Jacques Ancet

 

Ramón Gómez de la Serna (Espagne, 1888-1962)

Le livre muet (1910)

Écrit à Paris, l'hiver 1909-1910, par un jeune homme de vingt-un ans, Le Livre muet est une œuvre clé dans l'immense production de Ramón Gómez de la Serna (1888-1963), que Valéry-Larbeau salua comme l'un des trois écrivains majeurs de ce siècle avec Proust et Joyce. Ce livre torrentiel, d'une étonnante modernité, est une véritable auto-analyse à travers laquelle le jeune Ramón rejette en bloc une société et une culture sclérosées, dans un désir très nietzschéen de retour, en-deçà des institutions, valeurs, esthétiques, concepts, croyances de tous ordres, à la sauvagerie de l'innocence première.

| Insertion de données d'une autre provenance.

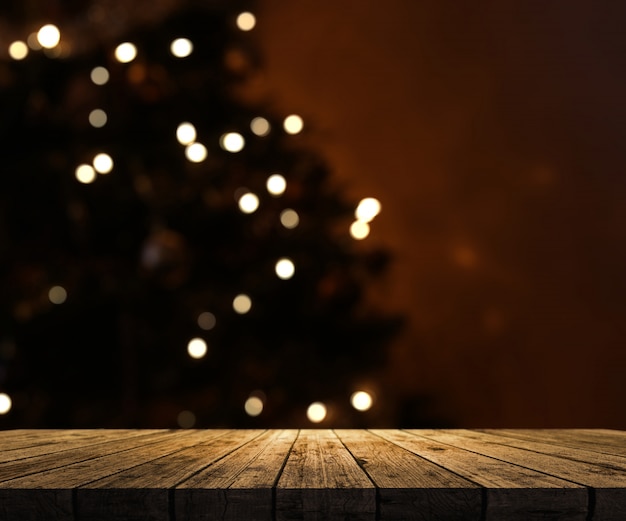 wooden table looking out to a defocussed Christmas tree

Ce qui explique sans doute le rejet immédiat dont il fut l'objet à sa parution, en 1910, et le fait que son auteur, qu'on traita alors de fou, ne l'ait jamais réédité de son vivant, pour se consacrer à d'autres œuvres, romans, essais, nouvelles, drames, comédies, biographies greguerías, cette forme littéraire - croisement de métaphore et d'humour - qu'il invente exactement à la même époque et à laquelle son nom restera un peu trop exclusivement attaché. D'une écriture proliférante, débordante, d'une invention verbale proprement prodigieuse, il est l'ouverture inconnue à un certain nombre d'expériences marquantes de ce siècle qui vont, tous genres confondus, du simultanéisme du Cendrars de la Prose du Tanssibérien (1913) et du monologue intérieur pratiqué par Joyce, Faulkner ou Virginia Woolf à des œuvres aussi récentes que Jean sans terre de Juan Goytisolo (1975) ou Paradis de Sollers (1988), en passant par les grands textes automatiques surréalistes. Il n'est pas exagéré de dire que sa parution en français est, aujourd'hui, un événement.